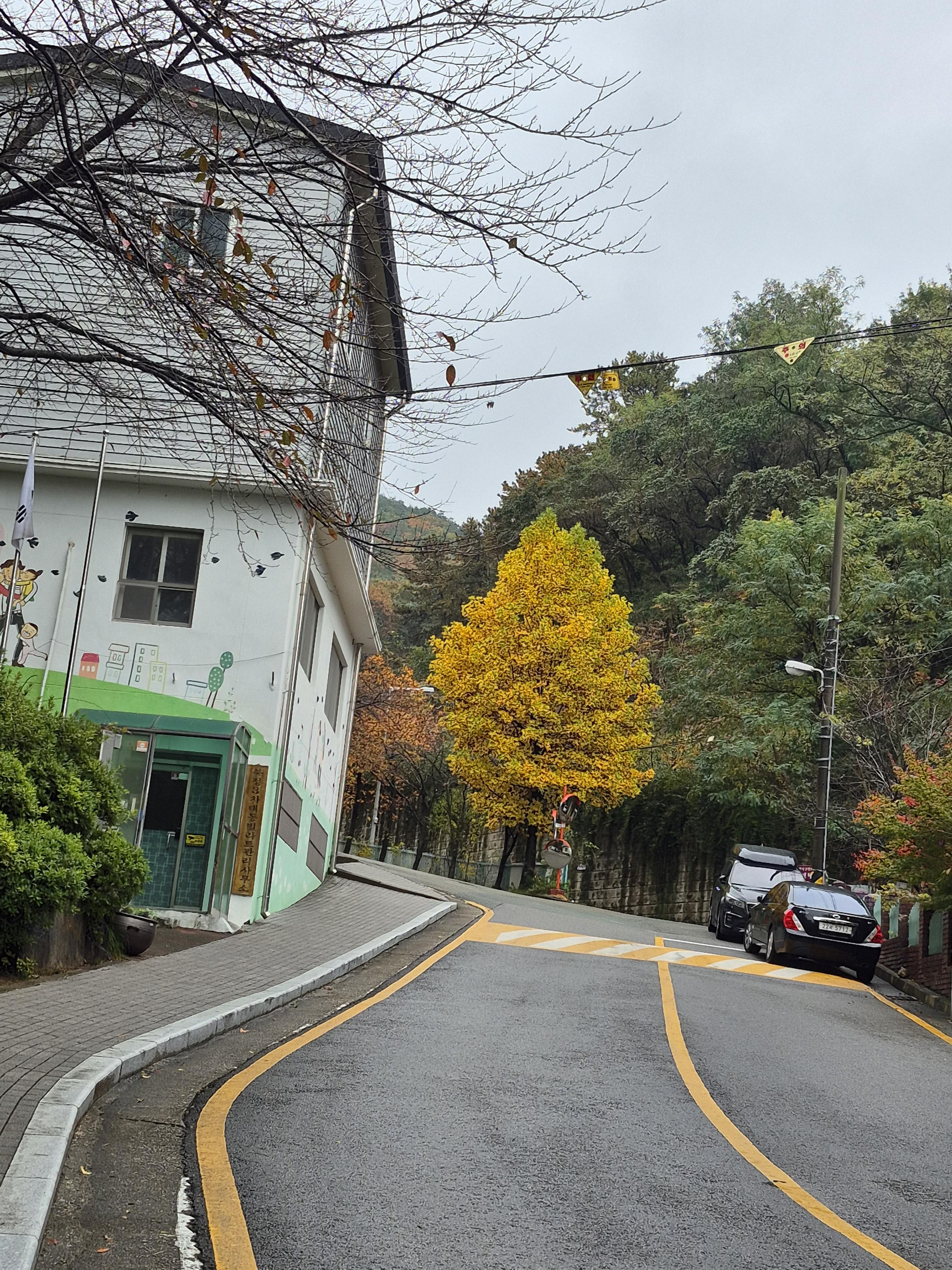 북정동 실거주자 사진 4
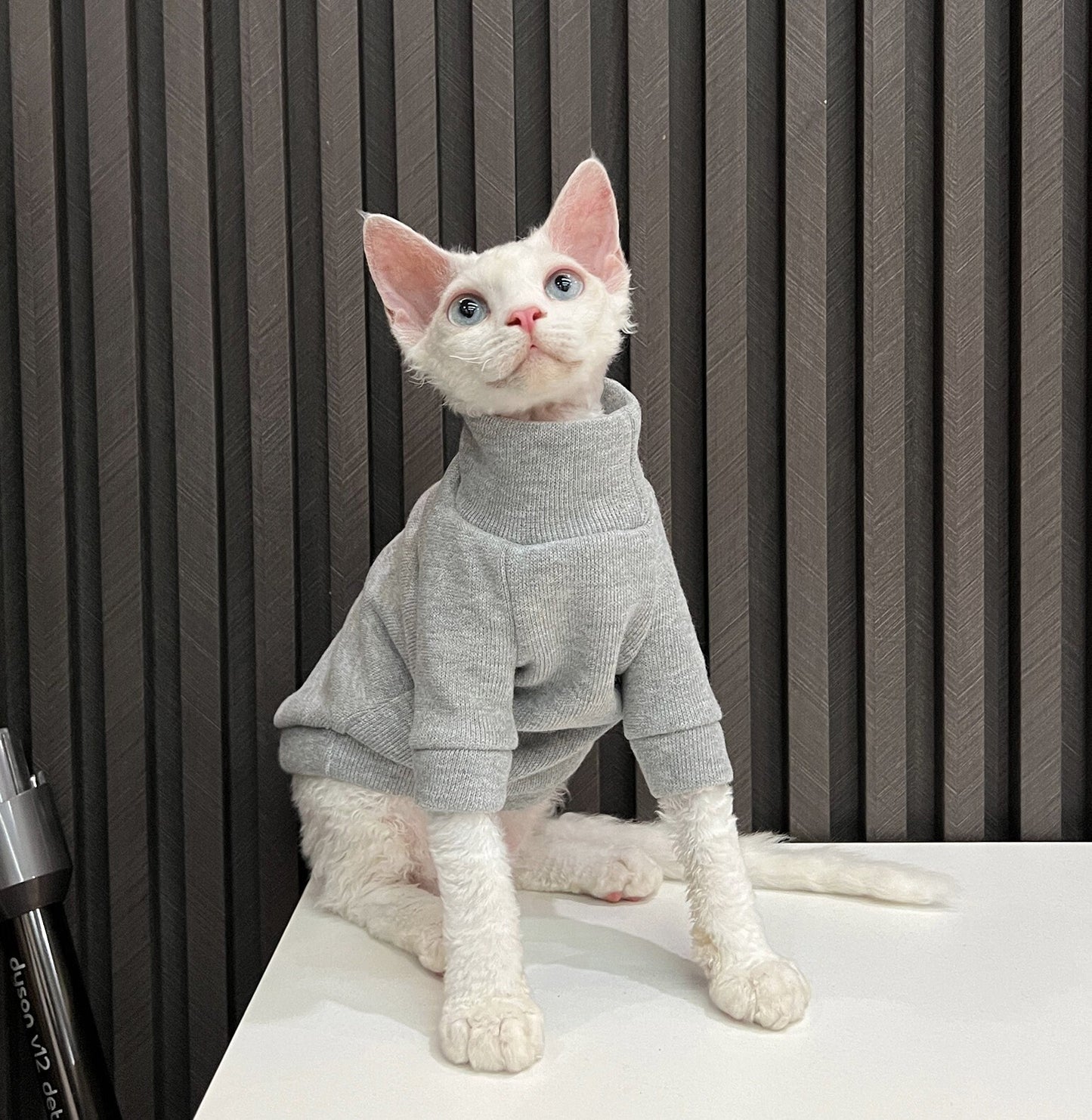 5 Colors Sphynx Hairless Cats Clothes, Fleece Warm Kitten Sweater in Winter, Bambino Devon Rex Sphynx Cat Turtleneck Soft Clothing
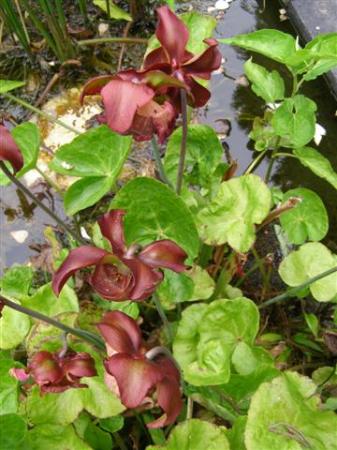 Sarracenia - the flowers come before the insect trapping pitchers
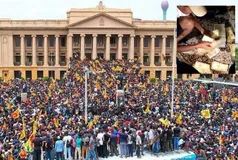 श्रीलंका में प्रदर्शनकारियों को राष्ट्रपति भवन से मिले एक करोड़ से अधिक रुपए, किया गया पुलिस के हवाले



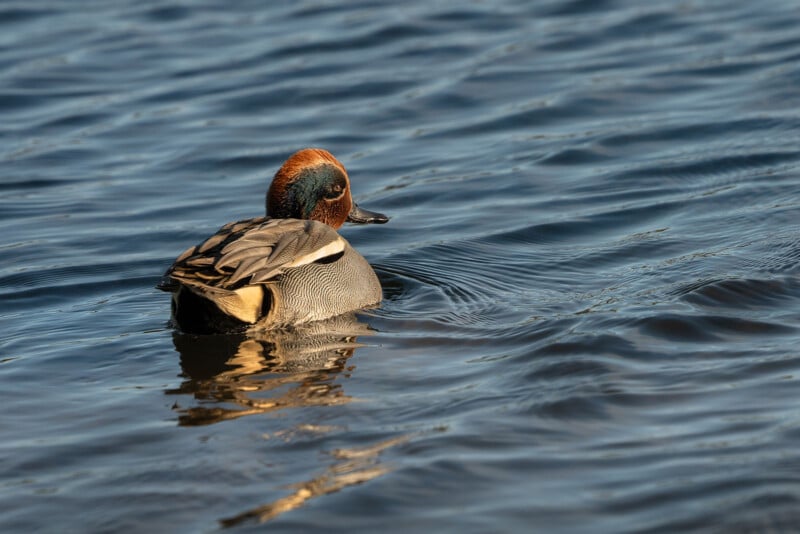 A small duck with a reddish-brown head, green eye stripe, and gray patterned body floats on rippling blue water, bathed in sunlight.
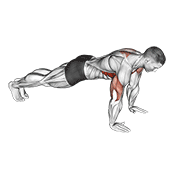 push-up plus animation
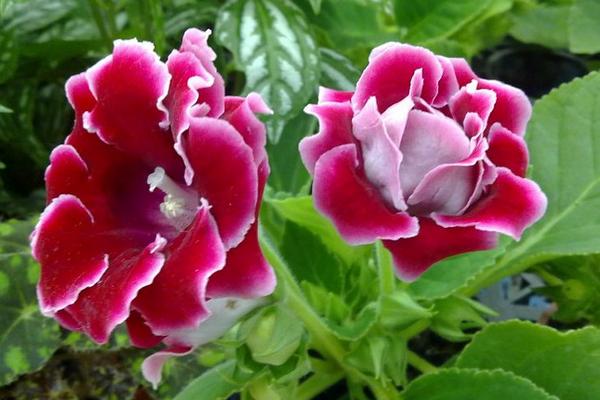 大巖桐花與芙蓉的區別是什么 大巖桐花的花期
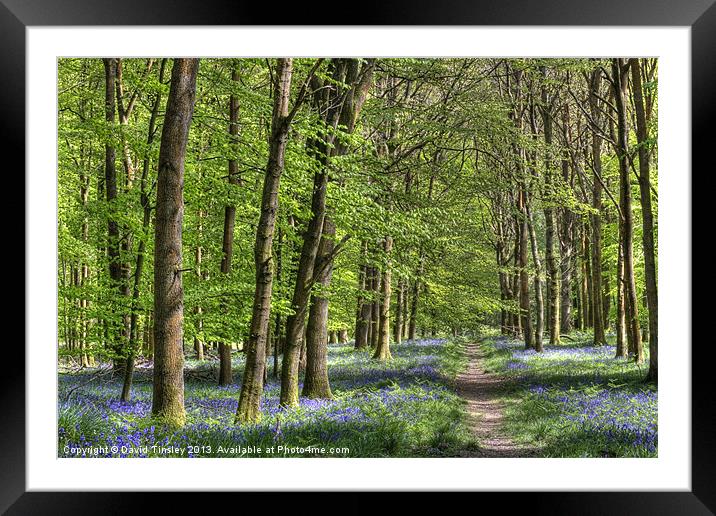Bluebell Woodland Walk Framed Mounted Print by David Tinsley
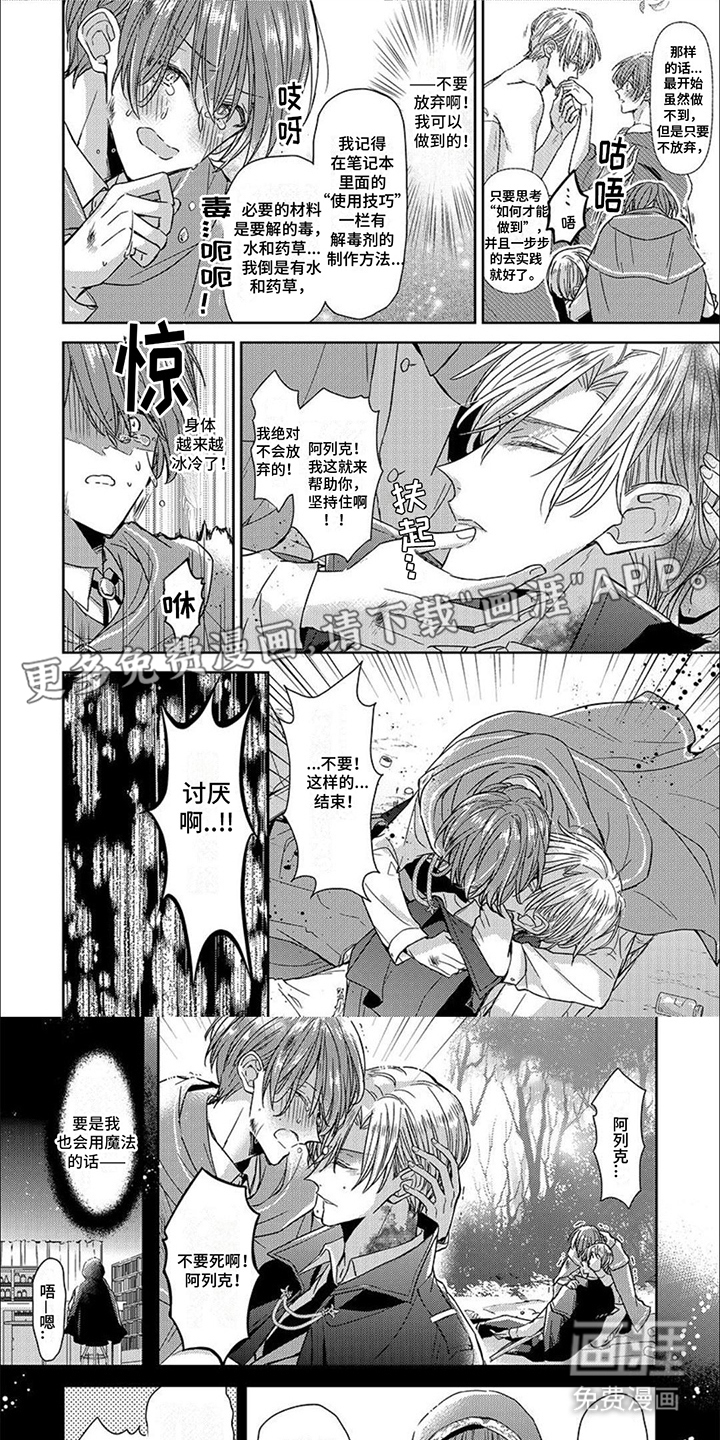 神圣花嫁第11话图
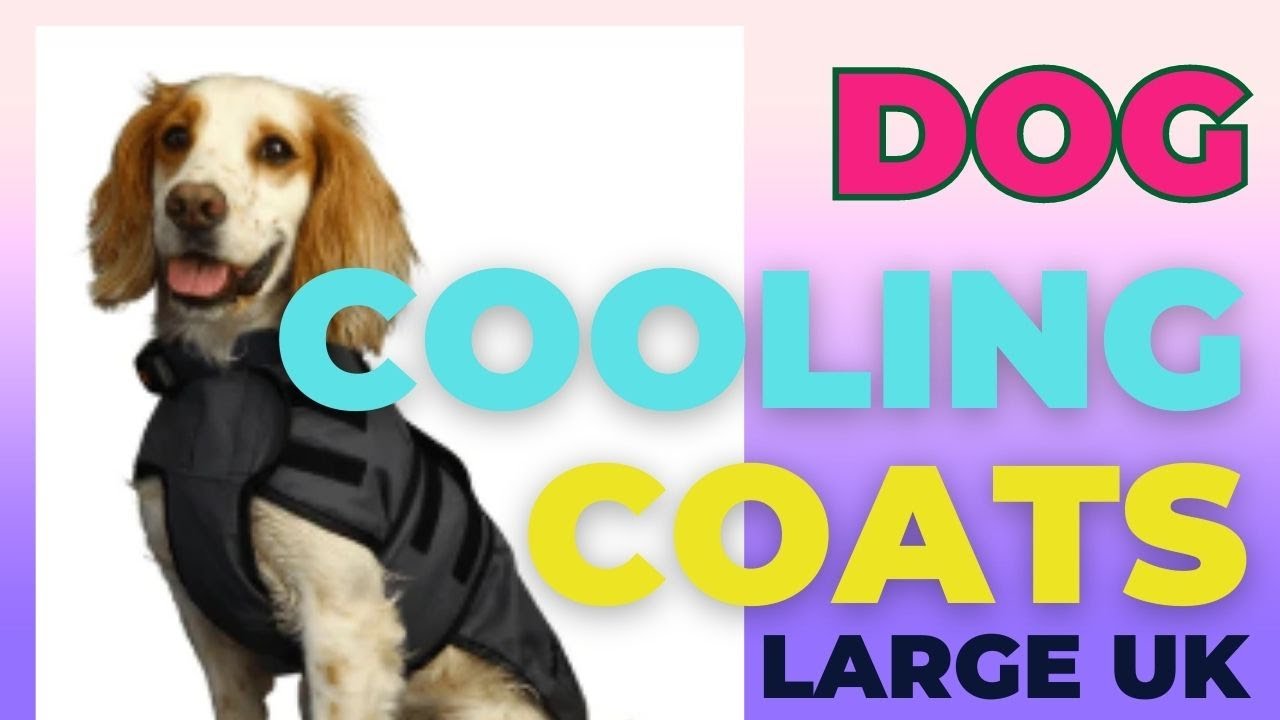 Dog Cooling Coats Large UK | Pet Devotion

**PROBLEM STATEMENT**
Set down every entry above exactly as written, but skip the pictures.

**ANSWER**
 북정동 실거주자 사진 4
 5 Colors Sphynx Hairless Cats Clothes, Fleece Warm Kitten Sweater in Winter, Bambino Devon Rex Sphynx Cat Turtleneck Soft Clothing
 Sarracenia - the flowers come before the insect trapping pitchers
 श्रीलंका में प्रदर्शनकारियों को राष्ट्रपति भवन से मिले एक करोड़ से अधिक रुपए, किया गया पुलिस के हवाले



 A small duck with a reddish-brown head, green eye stripe, and gray patterned body floats on rippling blue water, bathed in sunlight.
 push-up plus animation
 大巖桐花與芙蓉的區別是什么 大巖桐花的花期
Bluebell Woodland Walk Framed Mounted Print by David Tinsley
 神圣花嫁第11话图
 Dog Cooling Coats Large UK | Pet Devotion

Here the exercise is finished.